Said another way Intel bet if they made their 2 or 4 cores faster it would be better for gamers. AMD bet if they added 4 more cores and worried less about clock speed it would be better for gamers. So, they thought 8 cores at 2.4 would better than 4 at 3.5. (2.4 x 8 = 19.2 – 3.5 x 4 = 14… that’s a 27% advantage to AMD)

The problem is parallel processing is difficult to program. Game designers use fewer cores. We see that in many games. It is why Intel’s i5-6600K is winning so many votes for best CPU for the money in the gaming world. When you only use 2 of 4 or 8 cores the advantage rapidly shifts. 2.4 x 2 = 4.8 – 3.5 x 2 = 7 giving Intel a 32% advantage. That is way too big an advantage for a gamer, especially a competitive gamer, to give up.

It is only with the arrival of DirectX and Vulkan, the graphics processing code going into new games, that parallel processing is added. Parallel processing is being pushed into the graphics cards where parallelism is easy as the result is a composite image. Imagine lots of people working on painting a mural at the same time. Imagine 5 people trying to balance a single checkbook where the answer is a single number. My GTX 1060 has 1280 cores. My i5 has 4. Odd that they cost about the same.

Intel has a better grasp on reality and human nature. It paid off. AMD is waking up but, still heavily invested in parallel processing. Are they ahead of their time? Possibly.
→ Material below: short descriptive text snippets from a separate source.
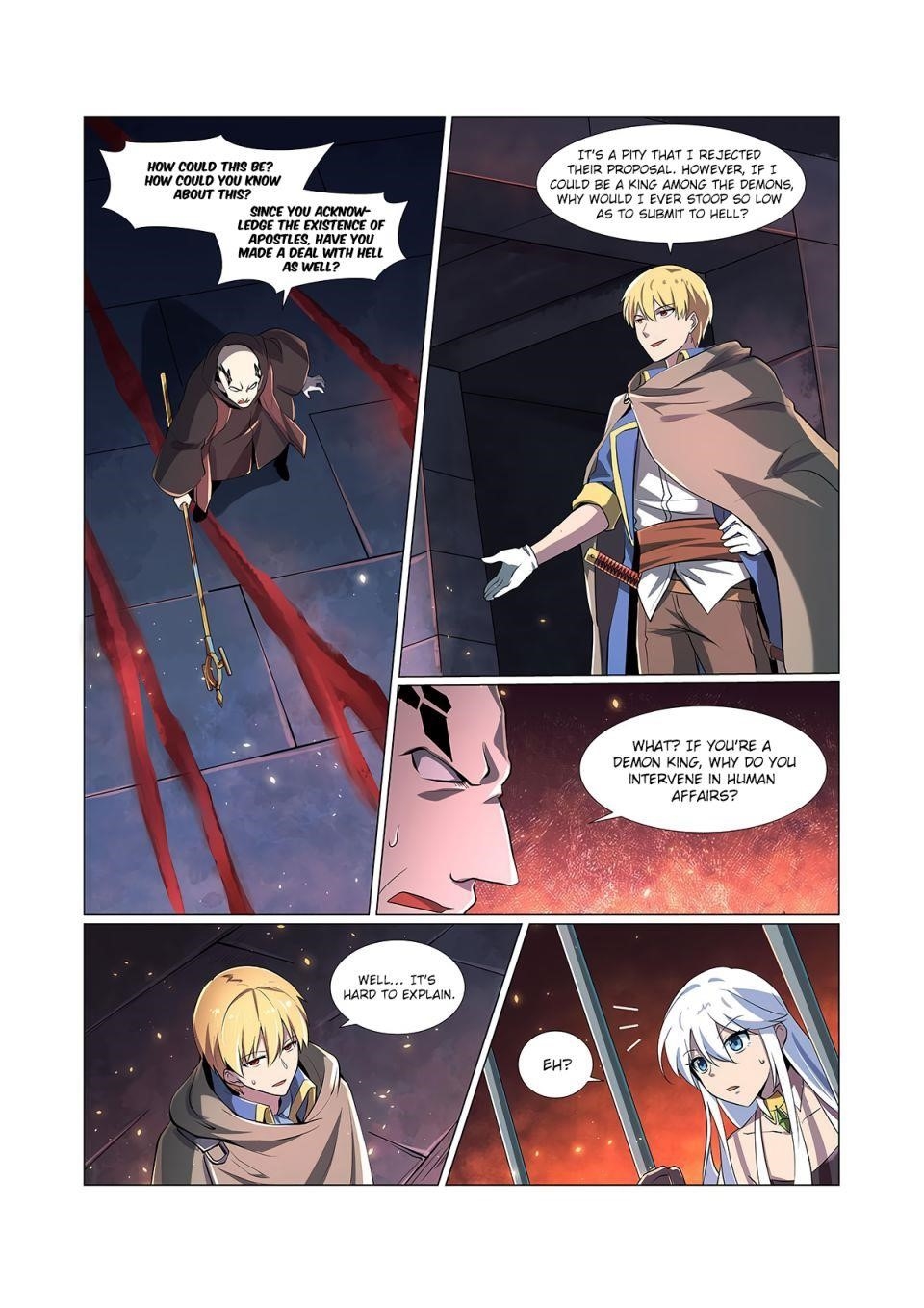 The Demon King Who Lost His Job Chapter 68 - Page 11 in English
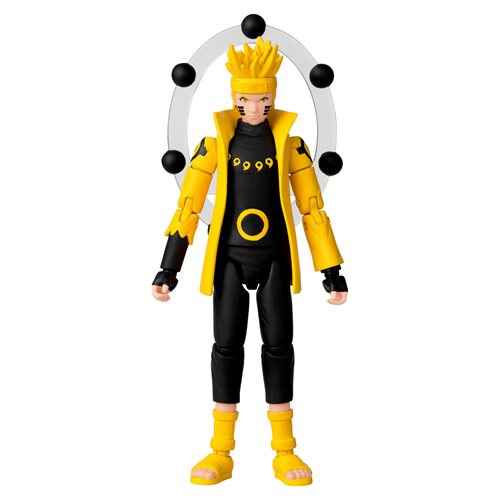 Anime Heroes Naruto: Naruto Uzumaki Sage of Six Paths Mode Action Figure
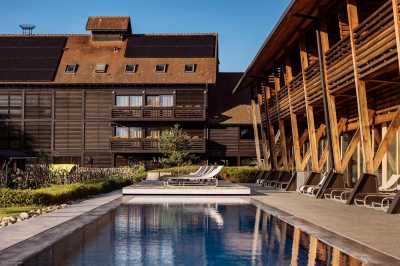 HOTEL DES BERGES, RESTAURANT GASTRONOMIQUE & SPA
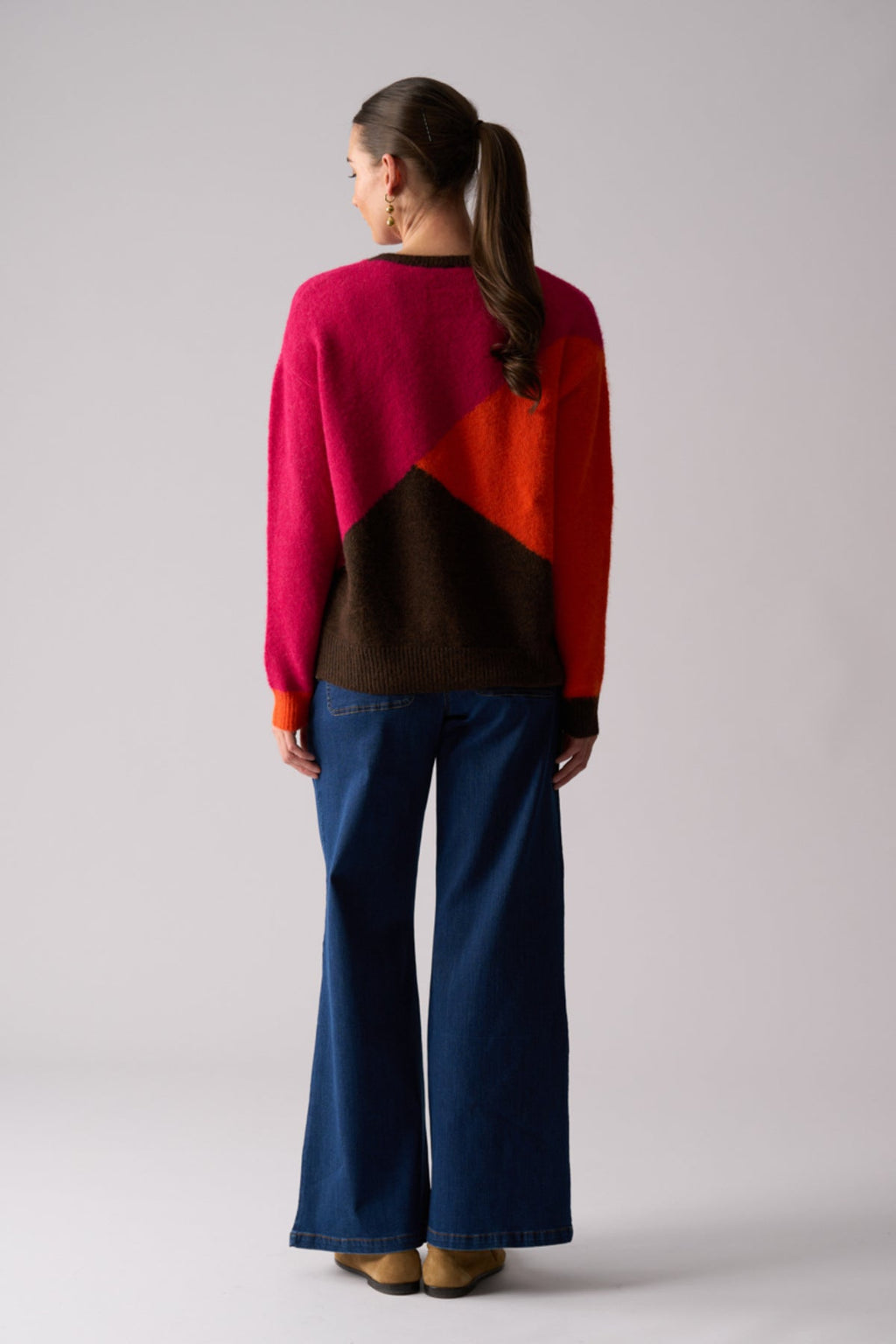 Foil FO8438 Bright Spark Pink Jumper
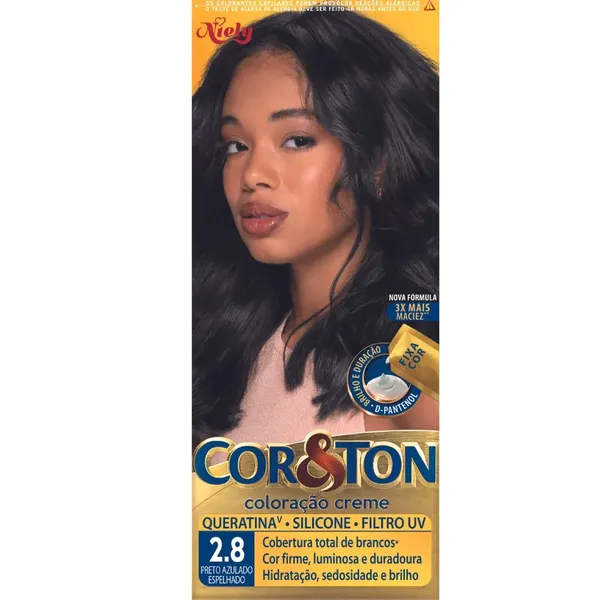 Tintura Cabelo 2.8 Cor&ton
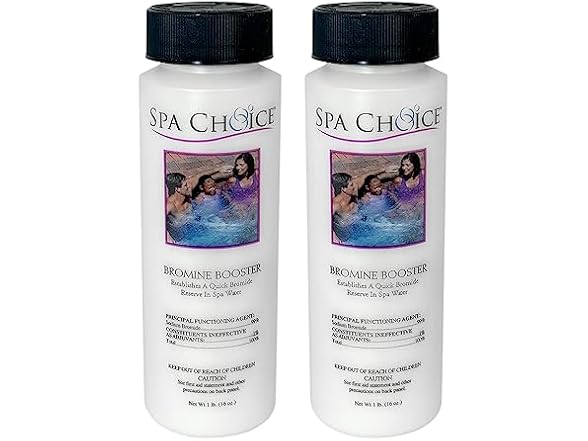 SpaChoice 1-Pound 2-Pack Premium Bromine Booster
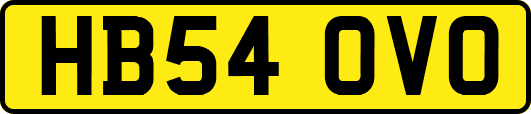 HB54OVO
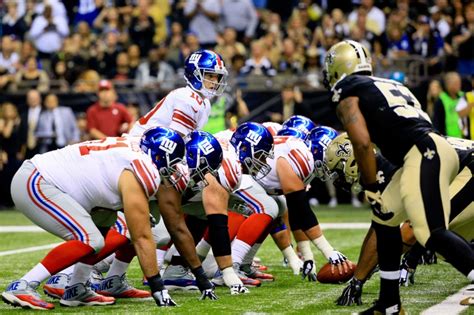 New Orleans Saints vs. New York Giants Live Stream: Watch NFL Online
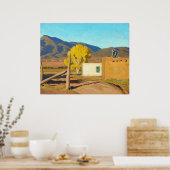 Poster Signes d'automne 1931 par Maynard Dixon (Cuisine)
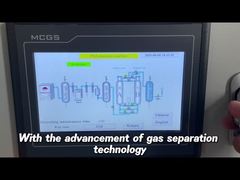 Door het ziekenhuis zelfgebouwd zuurstofvoorzieningssysteem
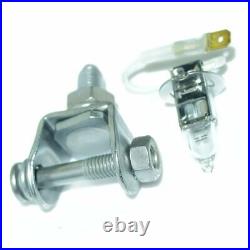 Hella Comet 500 Driving Lamp Yellow Spot Light With Cover Universal Fit @Vi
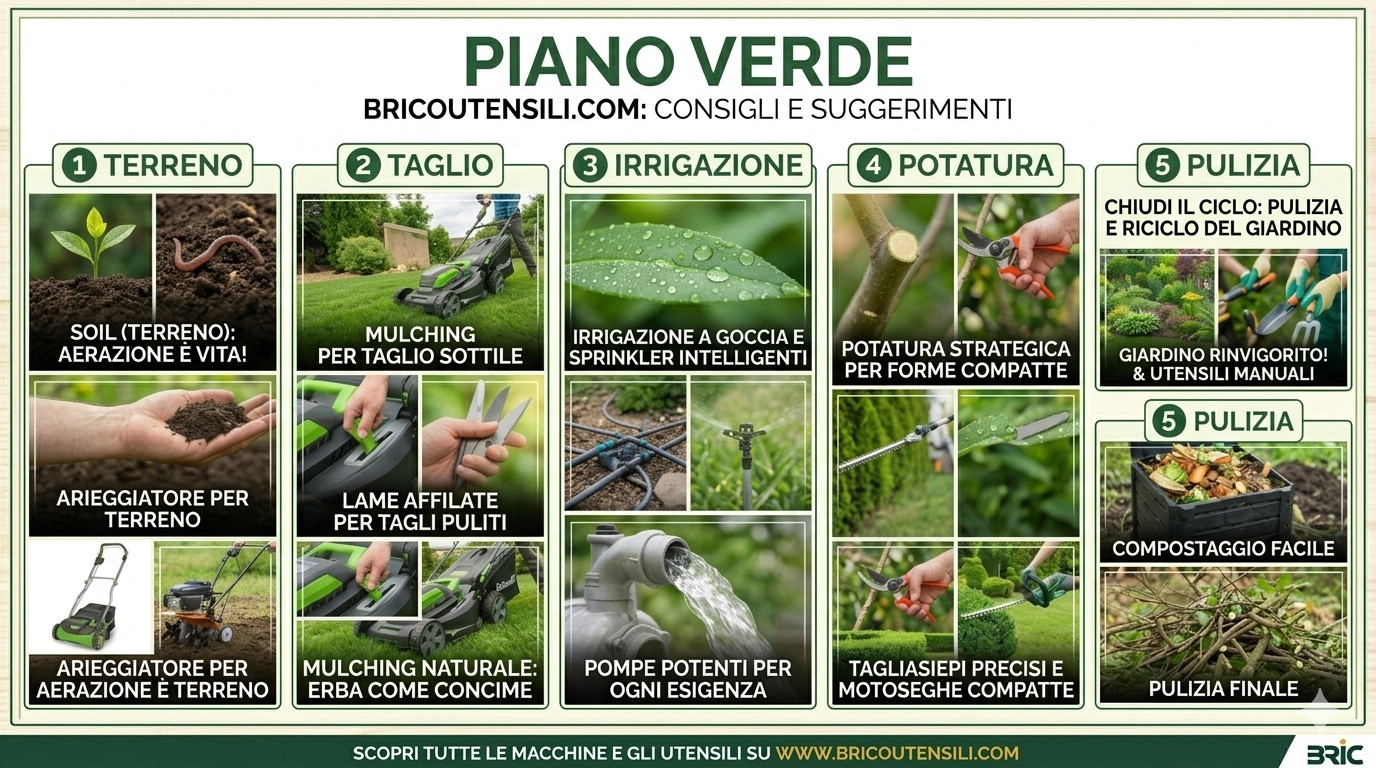 IL PIANO VERDE DI BRICOUTENSILI.COM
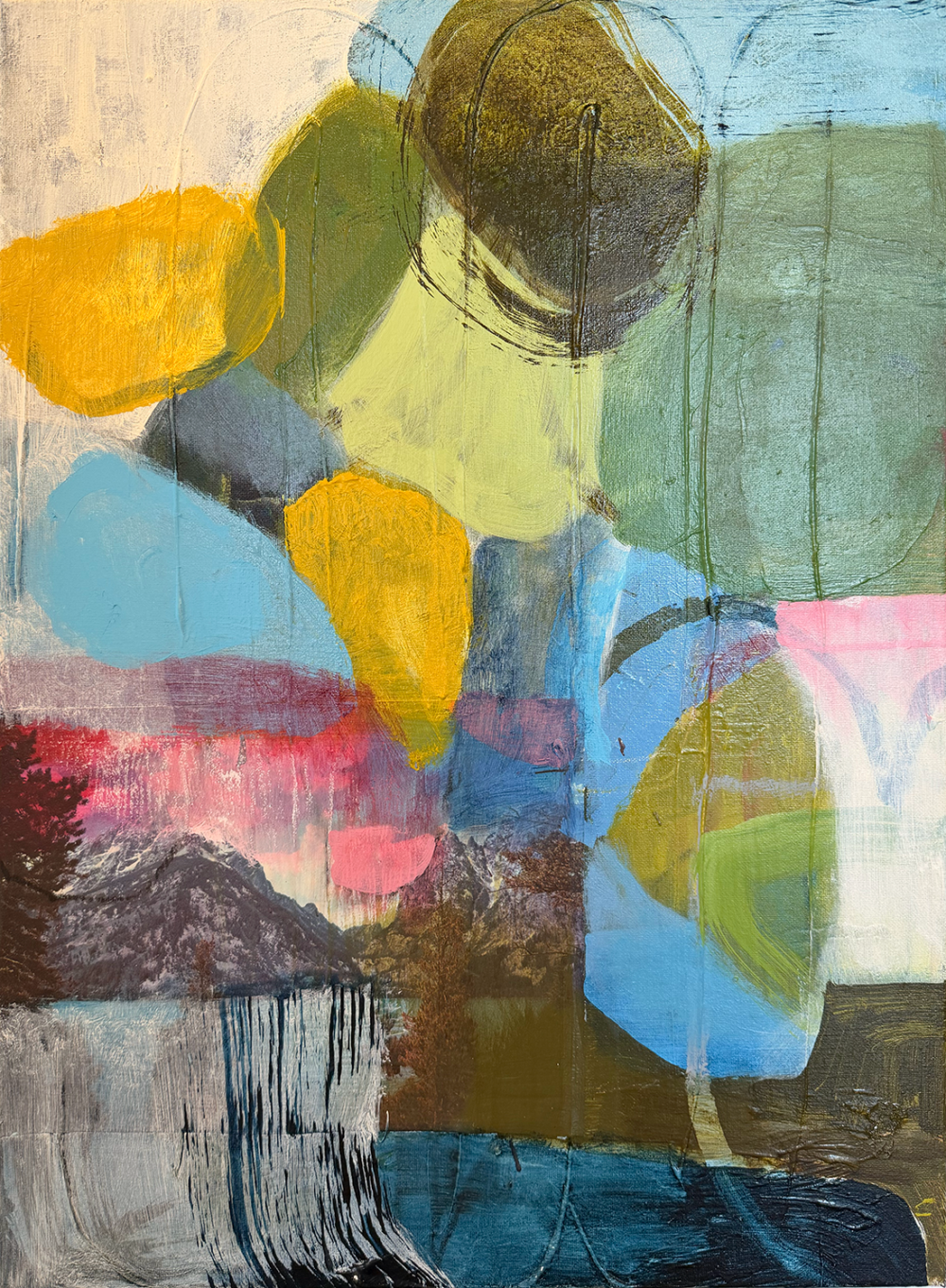 Forest Child
24" x 18"
Mixed Media on Canvas
$900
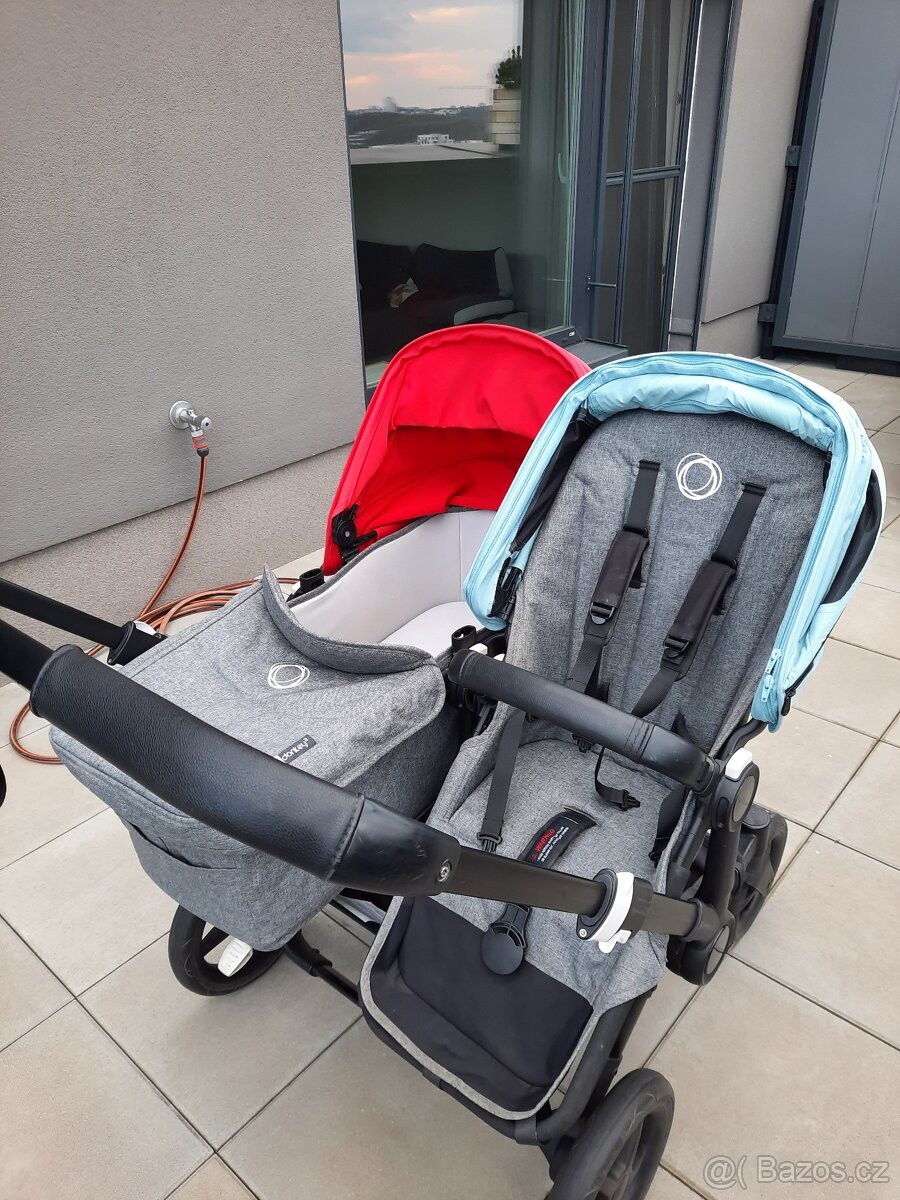 Dvojkočár Bugaboo Donkey 3 - 3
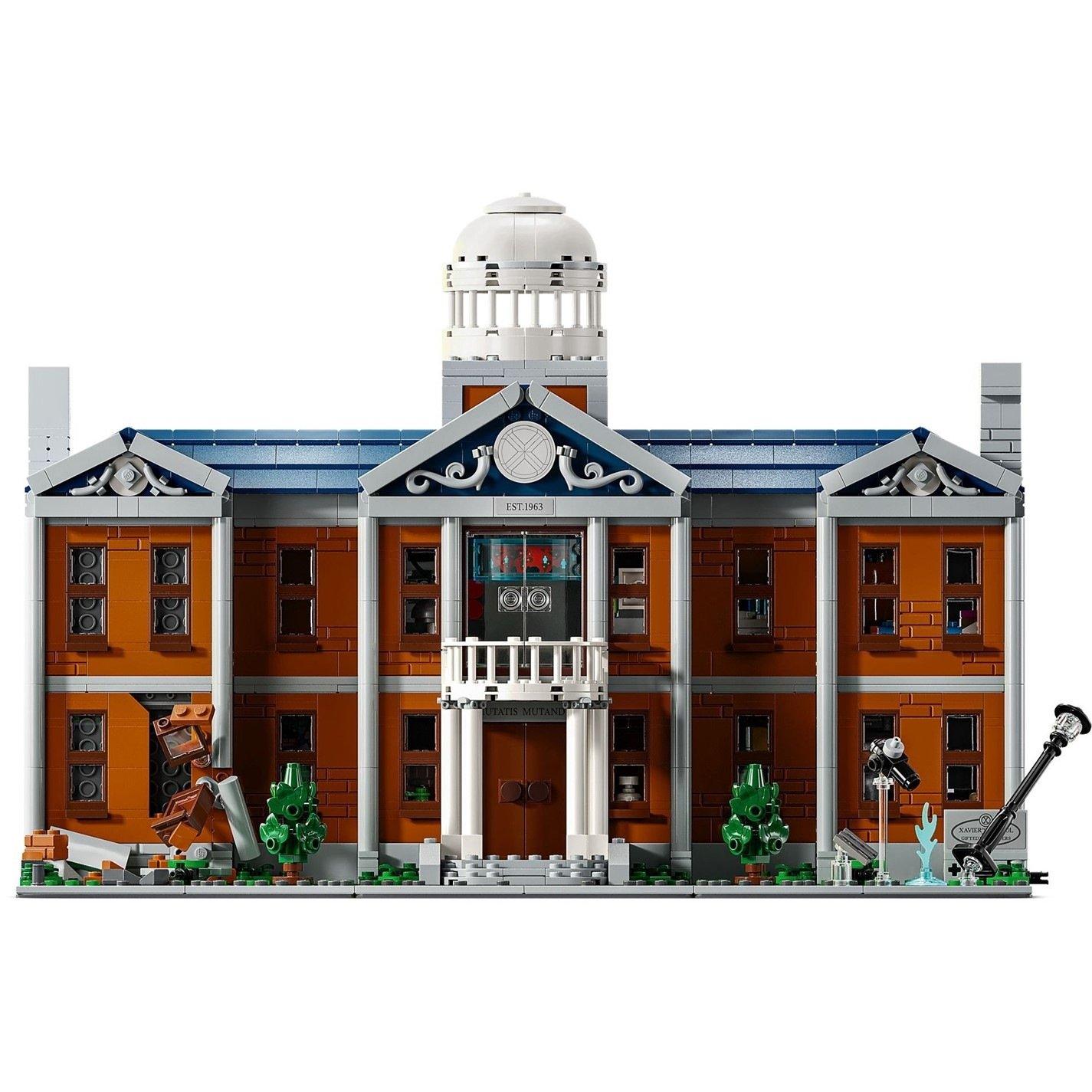Multi - LEGO - LEGO 76294 - Super Heroes X-Men: X-Mansion - 4
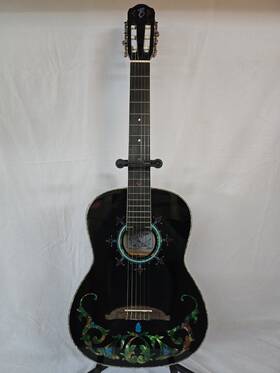02896 Esteban Duende Limited Edition Classical Acoustic-electric Guitar With Case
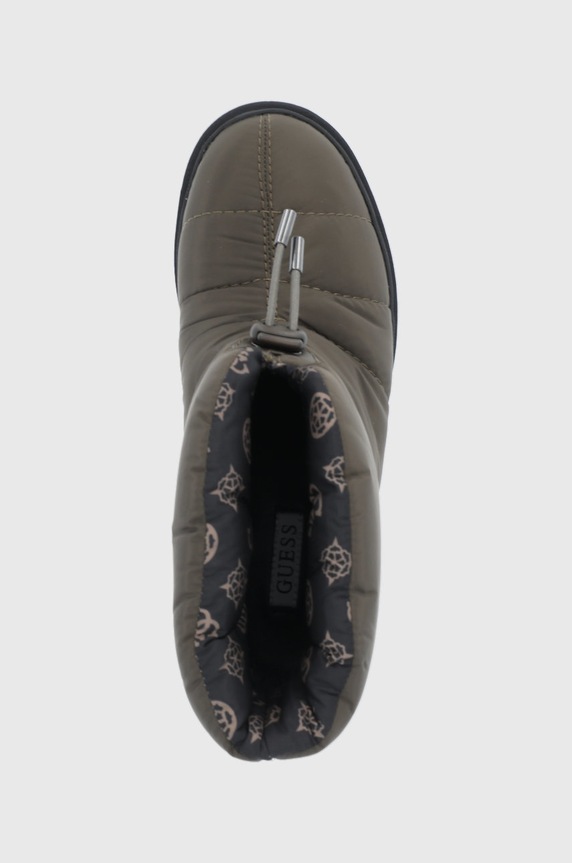 Čizme za snijeg Guess zelena FL8LED.ELE10.OLIVE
AMD has designed for a 40% increase in the number of instructions they can process with each clock tick. If they achieve that, even running at 2.4GHz they will exceed Intel’s performance at 3.5GHz. That would give them an advantage on a per core basis. The area where Intel has excelled. They will be competitive.

Prices

AMD has not announced pricing. We know who they are competing against and what the competition’s prices are. We can guess that AMD is probably not going to exceed the speed of Intel’s i7-6700K 4 core. They may well match it on speed and deliver 8 hyper threaded cores for an effective 16 cores at the same price.

This is marketing. 16 effective cores has to be better than 8, doesn’t it?. At the same price many will buy based on just the marketing numbers. The more knowledgeable will wait for the hardware reviews.

Will a 16 core machine run Second Life better than a 4 core machine? I expect it will be a stop-watch difference. We will likely see it in the numbers. But, will we be able to perceive a difference as we use SL? Maybe, but I doubt it. That is likely true for all but the newest games and VR.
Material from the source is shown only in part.